_Task to carry out_:
In your copy, leave out the pictures and output only the lines from the one holding "Islander Mitchel Automatic" through the end of the data below, exactly.

_The input_:
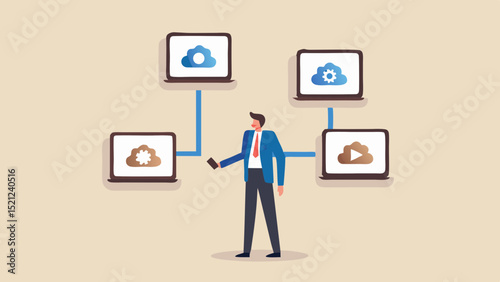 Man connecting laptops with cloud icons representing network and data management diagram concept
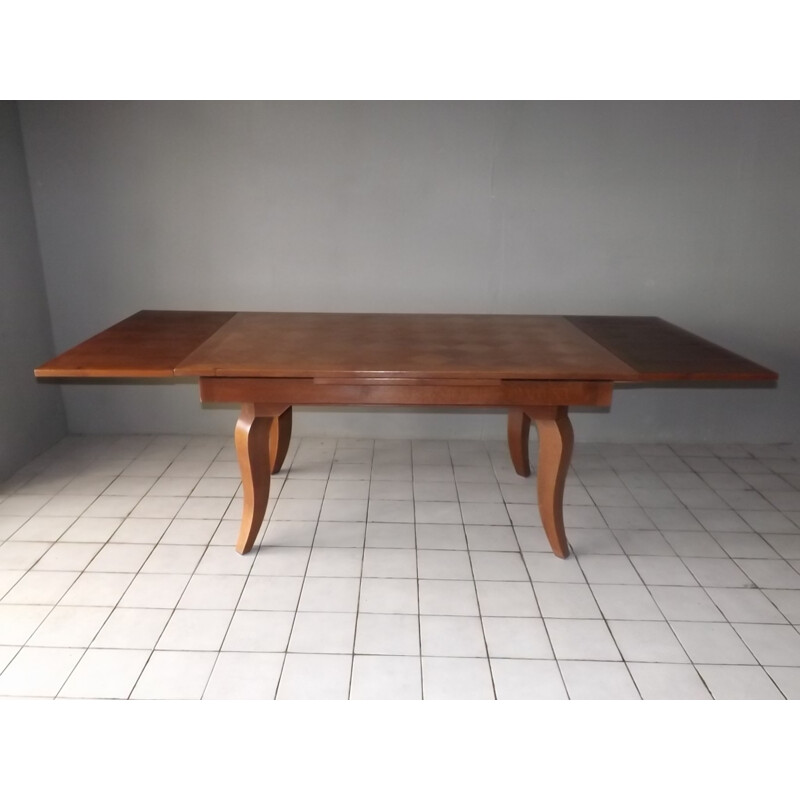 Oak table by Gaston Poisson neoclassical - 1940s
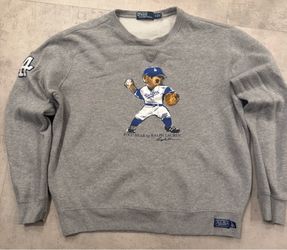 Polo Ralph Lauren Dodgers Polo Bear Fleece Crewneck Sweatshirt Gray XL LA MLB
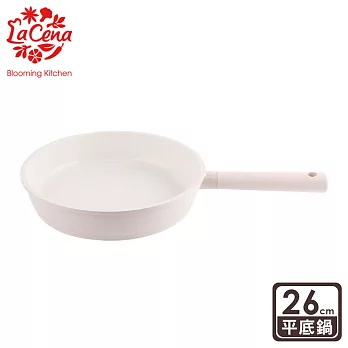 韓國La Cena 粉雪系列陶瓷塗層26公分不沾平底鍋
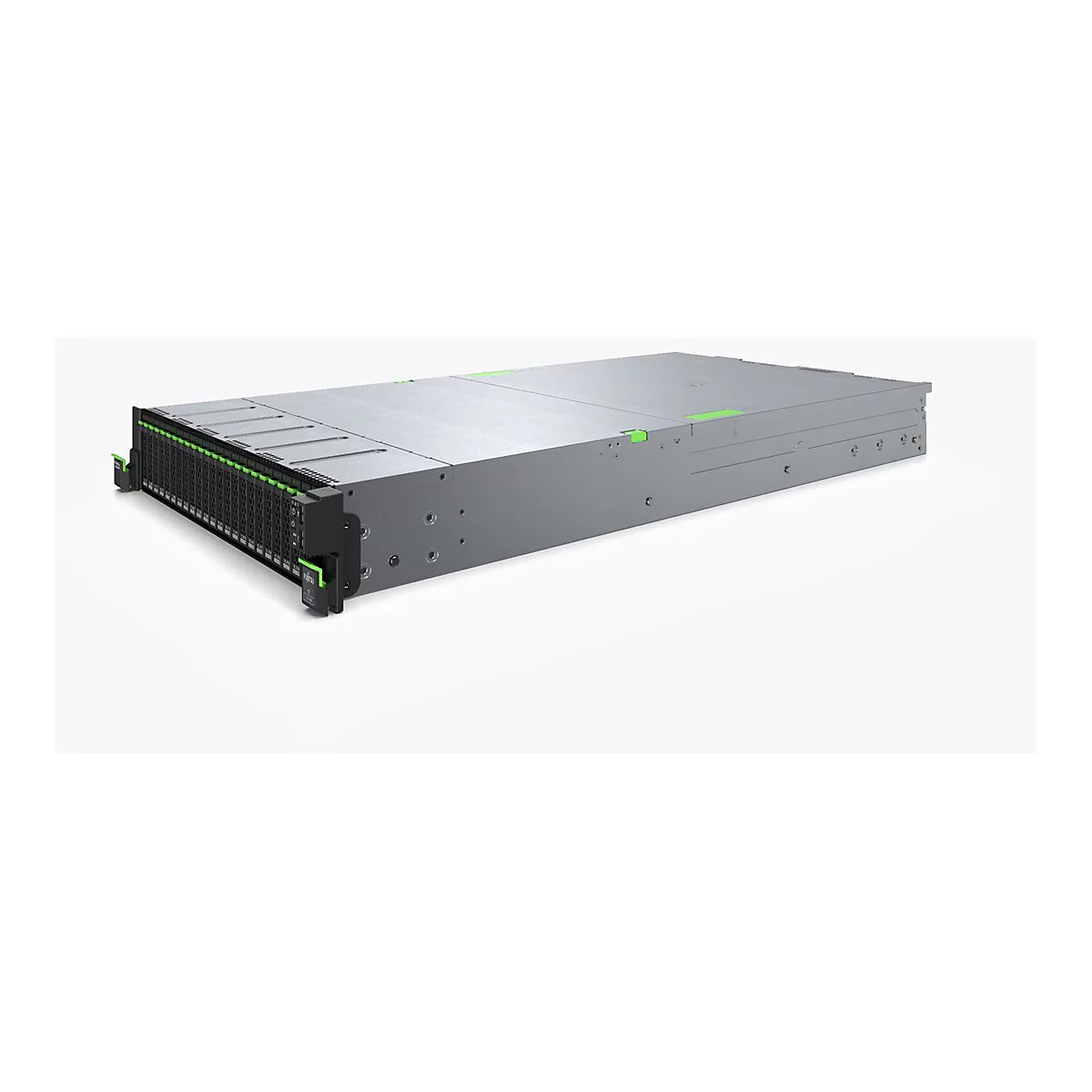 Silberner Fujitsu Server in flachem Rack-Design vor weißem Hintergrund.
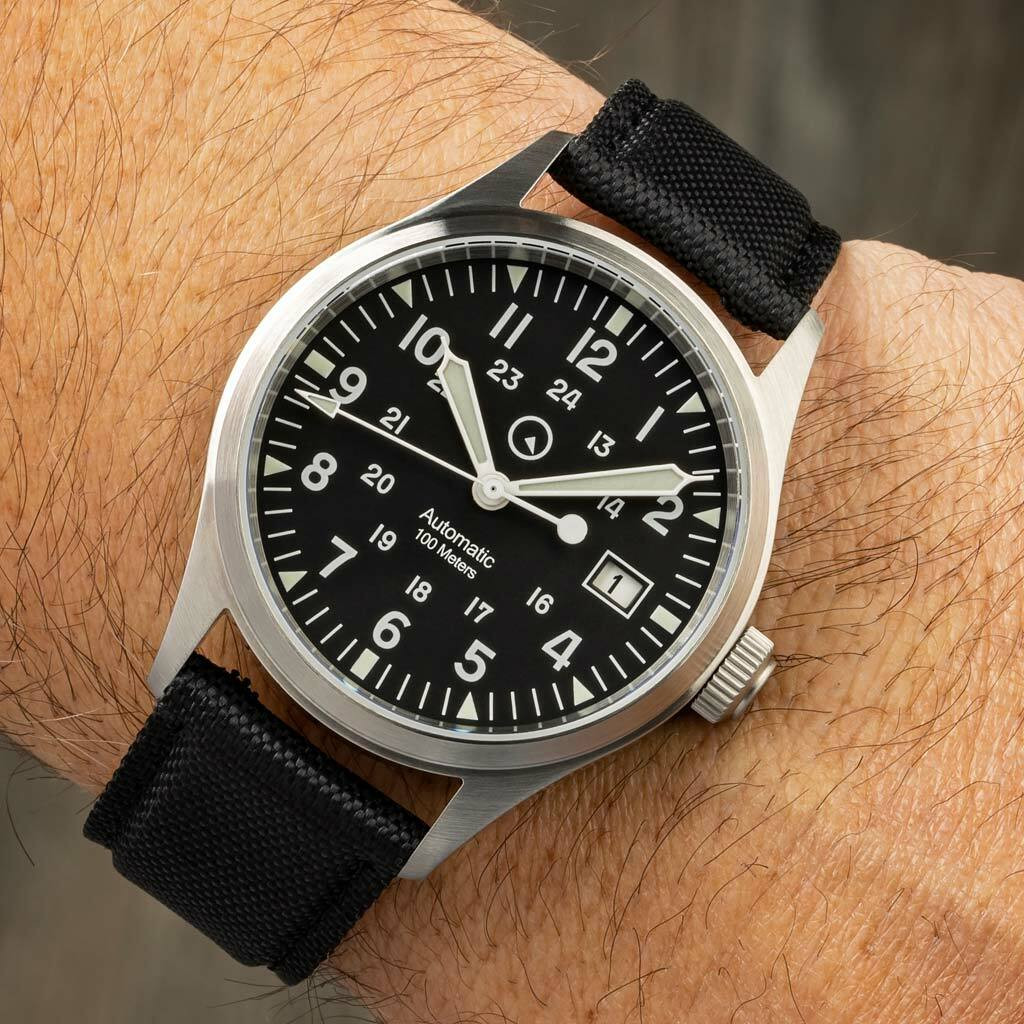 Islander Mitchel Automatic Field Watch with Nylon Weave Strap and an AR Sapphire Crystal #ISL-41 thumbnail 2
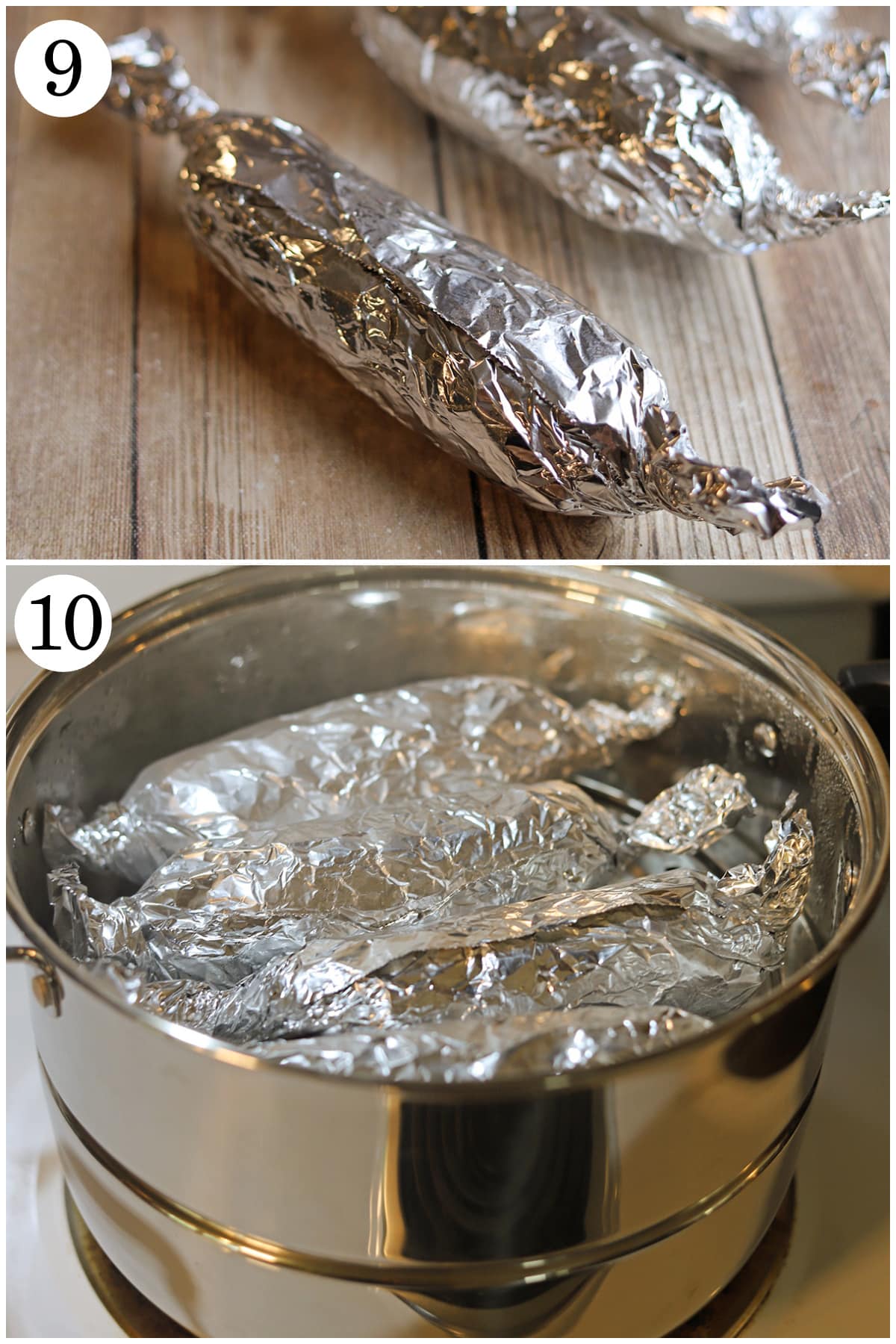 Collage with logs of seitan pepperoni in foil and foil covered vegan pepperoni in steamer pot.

_Solved exercise_:
 Islander Mitchel Automatic Field Watch with Nylon Weave Strap and an AR Sapphire Crystal #ISL-41 thumbnail 2
 Collage with logs of seitan pepperoni in foil and foil covered vegan pepperoni in steamer pot.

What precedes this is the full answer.